Our primary use case is to combine and transform a lot of metrics from our production environment and utilize Dynatrace to turn that data into knowledge which we can act on to prevent outages, increase application performance, and improve end user experience. This tool enables us to make intelligent, fact-based decisions faster.
With Dynatrace, we have identified and solved "mystery" issues that we have experienced for a long time, including sporadic latency issues on storage volumes and SQL databases not scaling properly when under certain loads.
We are also monitoring web services and using synthetic web checks to actively monitor specific parts of our production website and production web applications. With the SaaS version of Dynatrace, we started monitoring our VMware hypervisors and that gave us valuable system specific metrics into our virtual environments. Therefore, we have built smart alerts to notify our team of potential problems before they manifest themselves to end users.
I really like how easy it is to deploy and use the SaaS version in our environment. We have a lot of other tools that have plenty of capability but they do not get a whole lot of use because they require a dedicated resource who is an expert to use them. With the SaaS version of Dynatrace, all the admin functions are taken care of by the Dynatrace team (updates, patches, new features, bugs, etc.), and our small shop can focus on getting valuable metrics, alerts, and issue resolution from the product. That is very important because despite how many features and how powerful a product is, it will only return value to an organization if it is being integrated and used regularly for its intended purpose; Dynatrace SaaS makes that easy for us.
As far as more technical features go, we are a small shop and wear many hats in the IT department, so the automatic baselining and AI engine take a big chunk of work off our hands.
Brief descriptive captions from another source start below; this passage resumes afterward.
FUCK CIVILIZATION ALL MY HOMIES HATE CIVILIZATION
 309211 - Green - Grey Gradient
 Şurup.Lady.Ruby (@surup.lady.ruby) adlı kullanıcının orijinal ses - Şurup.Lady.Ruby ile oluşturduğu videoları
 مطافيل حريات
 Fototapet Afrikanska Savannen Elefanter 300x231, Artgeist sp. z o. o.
It collects, analyzes, and summarizes the application and host level metrics (including host log files and hypervisor host details) from VMware virtual environments as well as physical stand-alone servers, then presents that data to us in an easy enough format to help us make better decisions and tune accordingly before our end users inform us of problems.
In addition, we use the synthetic web checks to emulate the end user experience and availability of our public website and internal web applications, which is a wonderful feature to have access to.
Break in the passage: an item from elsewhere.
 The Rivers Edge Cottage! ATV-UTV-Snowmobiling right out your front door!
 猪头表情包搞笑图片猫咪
If I had to pick something to improve, it would be the fact that it requires manual intervention to uninstall the cloud agent from servers you want it removed from. The installation part is the easiest of any Linux tool that I have ever installed, so I do not have a problem with that at all. What I have a problem with, is that in order to 100% remove the product, you will need to manually go to each machine and uninstall the cloud agent. I wish there was a feature that would allow a Dynatrace administrator to remotely uninstall/remove the cloud agent from the Dynatrace management console without having to physically logon to each server to achieve the task.
Less than one year.
Good article because it is very objective. At a previous company we used Dynatrace and the tool is so detailed you can get the details of the keystrokes of an actual end user when troubleshooting where a production situation occurred.